A propos de chansons et de mots, j’écoutais récemment à la radio
Regina, mais si je t’ai parlé d’elle, qui me disait « I hear in my minds, all of this words, I hear in mind all of these voices, and it breaks my heart, and it breaks my heart ». Cette fille dissipe les mots dans sa tête d’une voix fragile, un petit bout de cristal d’un verre qui vient de se casser et que tu tiens dans ta main. Ca saigne un peu.
Le rouge sur ton doigt, c’est la voix de cette fille. Ça pique. Mais il ne faudrait pas que ça s’arrête. Sa voix est profonde comme le sang est lourd, sucré, fascinant.
La relation des hommes avec ce liquide est étrange. Quand il coule en dedans, il représente la vie, et en dehors, la mort. Alors que le sperme, par exemple, n’est-ce pas étonnant, c’est l’inverse. 

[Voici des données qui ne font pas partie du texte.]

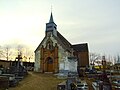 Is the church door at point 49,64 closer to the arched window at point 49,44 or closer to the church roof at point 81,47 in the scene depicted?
the arched window at point 49,44

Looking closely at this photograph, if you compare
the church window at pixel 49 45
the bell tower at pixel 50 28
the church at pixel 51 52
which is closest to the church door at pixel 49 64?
the church at pixel 51 52

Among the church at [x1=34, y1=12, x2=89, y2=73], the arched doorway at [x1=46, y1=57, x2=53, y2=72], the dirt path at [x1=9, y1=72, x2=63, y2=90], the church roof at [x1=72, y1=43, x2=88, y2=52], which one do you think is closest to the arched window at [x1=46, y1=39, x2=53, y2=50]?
the church at [x1=34, y1=12, x2=89, y2=73]

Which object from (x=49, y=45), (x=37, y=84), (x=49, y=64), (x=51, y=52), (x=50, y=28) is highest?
(x=50, y=28)

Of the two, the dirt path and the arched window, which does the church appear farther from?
the dirt path

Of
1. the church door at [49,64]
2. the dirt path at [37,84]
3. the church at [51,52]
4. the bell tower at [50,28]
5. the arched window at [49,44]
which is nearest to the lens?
the dirt path at [37,84]

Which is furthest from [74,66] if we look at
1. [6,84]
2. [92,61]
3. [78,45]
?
[92,61]

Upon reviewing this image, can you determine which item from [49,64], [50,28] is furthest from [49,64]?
[50,28]

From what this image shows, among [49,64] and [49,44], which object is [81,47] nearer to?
[49,44]

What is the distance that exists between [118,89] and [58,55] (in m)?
20.3

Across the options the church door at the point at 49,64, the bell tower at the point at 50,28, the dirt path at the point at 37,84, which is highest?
the bell tower at the point at 50,28

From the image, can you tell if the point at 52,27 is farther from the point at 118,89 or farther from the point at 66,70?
the point at 118,89

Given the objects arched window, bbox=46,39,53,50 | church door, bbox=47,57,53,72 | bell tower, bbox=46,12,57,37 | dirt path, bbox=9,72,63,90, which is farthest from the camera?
bell tower, bbox=46,12,57,37

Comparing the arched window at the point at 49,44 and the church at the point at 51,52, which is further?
the arched window at the point at 49,44

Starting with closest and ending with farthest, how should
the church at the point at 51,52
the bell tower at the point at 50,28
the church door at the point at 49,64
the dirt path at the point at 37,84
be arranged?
the dirt path at the point at 37,84 < the church at the point at 51,52 < the church door at the point at 49,64 < the bell tower at the point at 50,28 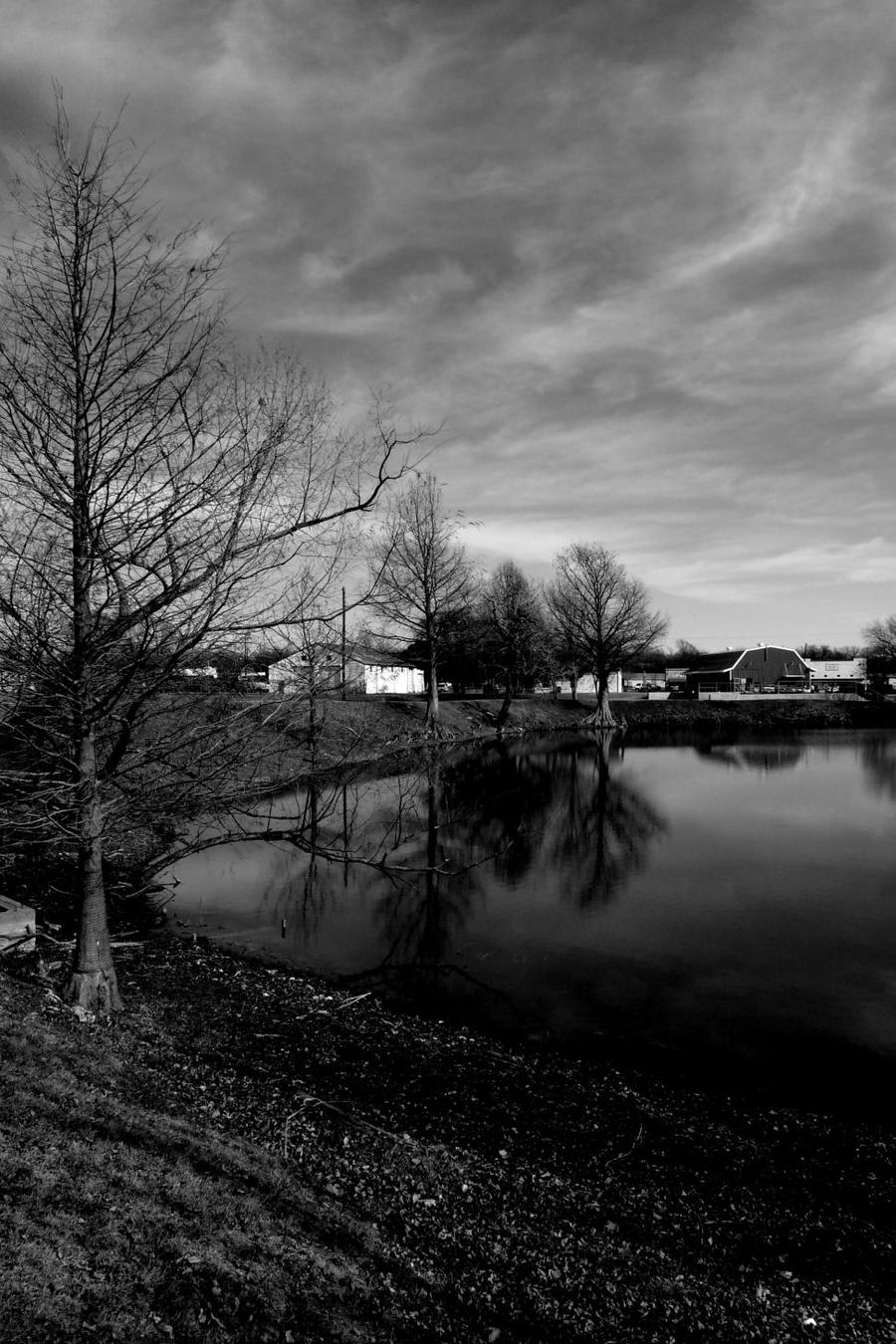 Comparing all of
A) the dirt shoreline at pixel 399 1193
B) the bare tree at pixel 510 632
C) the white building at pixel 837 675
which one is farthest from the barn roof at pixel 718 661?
the dirt shoreline at pixel 399 1193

Depuis que j’ai commencé à écrire cette note, deux idées parasites dansottent dans ma tête, phosphènes têtus. Primo, il faut que je te parle du frelon, mais j’y reviendrais, n’aies crainte, et deuxio, je reçois ce soir, et je viens de lire que le cocktail ginconcombre-paprika, c’est très tendance. T’en penses quoi toi ? Ce soir je ne t’embrasse pas. Parce que c’est comme ça.